**What the task asks**: Without any pictures, print the lines below from the one that has "1 Petunia Shortcake" through the one that has "软件开发流程步骤,实地方案验证_Kindle24.76.97", exactly and nothing else.

:: Source data ::

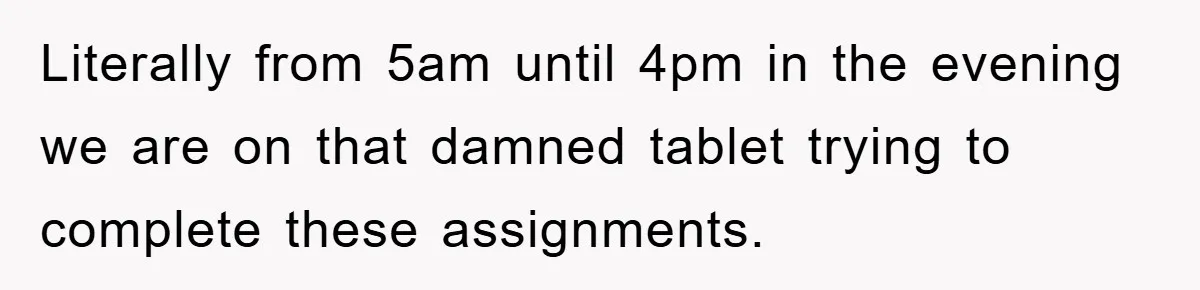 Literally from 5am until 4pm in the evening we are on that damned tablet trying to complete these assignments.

:::
:: Source data ::

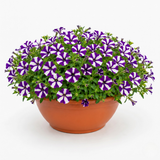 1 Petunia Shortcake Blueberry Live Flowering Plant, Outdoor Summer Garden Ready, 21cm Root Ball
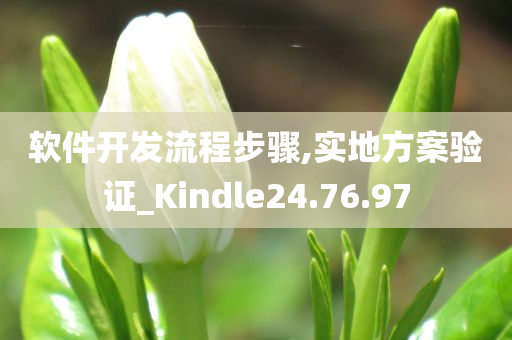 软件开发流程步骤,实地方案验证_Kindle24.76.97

:::
:: Source data ::

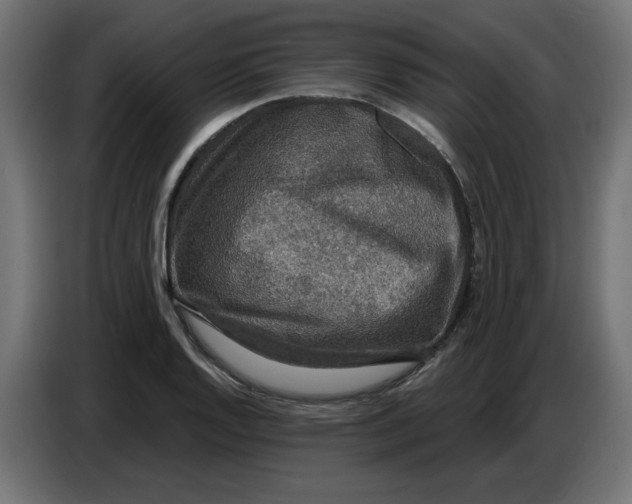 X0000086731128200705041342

:::

**Output of the task**:
 1 Petunia Shortcake Blueberry Live Flowering Plant, Outdoor Summer Garden Ready, 21cm Root Ball
 软件开发流程步骤,实地方案验证_Kindle24.76.97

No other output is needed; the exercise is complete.